Heard in Edmonton, September 14, 2017












             The dismissal of Locomotive Engineer P. Jarvis of Toronto, Ontario.




             Following a formal investigation, Mr. Jarvis was dismissed from Company service for “failing to ensure the safe operation of train 235-21 on the North Toronto Subdivision as evidenced by your train operating beyond a signal displaying stop…” and the subsequent collision and derailment.

            The Union contends that the discipline in this circumstance is excessive and unwarranted.

            Mr. Jarvis was forthright and honest in the investigation. He took full responsibility for the incident. The Union contends that the discipline of outright dismissal assessed is not borne of any aggravating factor and as such, cannot stand.

            Mr. Jarvis has only had a deferred suspension on his record for the last five years. Mr. Jarvis has expressed remorse and stated that he has learned from his mistake made and intends to use this learning experience for his and his fellow employees to the benefit of Canadian Pacific Railway.

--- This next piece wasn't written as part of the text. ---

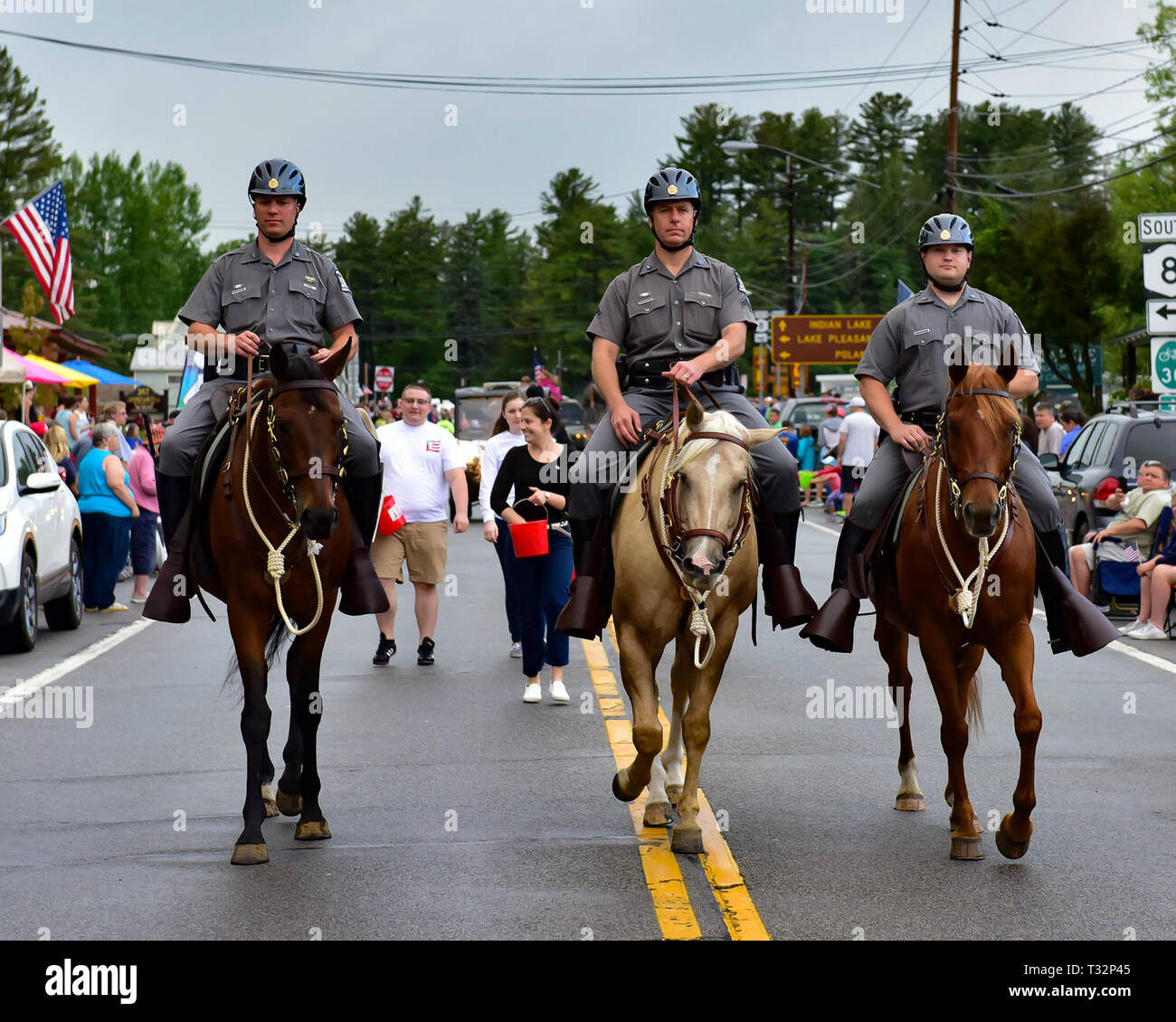 Three New York State Police officers riding horses in the 4th of July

            The Union further contends the impartiality of the investigation came into question when the investigating officer asked questions relating to Canadian Pacific’s reputation as a result of this incident. This question was objected to by the Local Chairman as being self-incriminating to Mr. Jarvis and not lending itself to the fact-finding purpose of investigations. The investigating officer compelled Mr. Jarvis to answer this question, which is self-serving to CP. The investigation officer further went on to ask about the cost of clean-up to this incident. Again, this question is not germane to the fact-finding purpose of investigations. The impartiality of the investigating officer is again suspect when in the step one appeal from the Local Chairman he attests to a statement made by Mr. Purdon, which given no reply to the step one appeal, has not been refuted which was “I am here for the best interest of the Company”. This statement is biased and prejudicial to say the least.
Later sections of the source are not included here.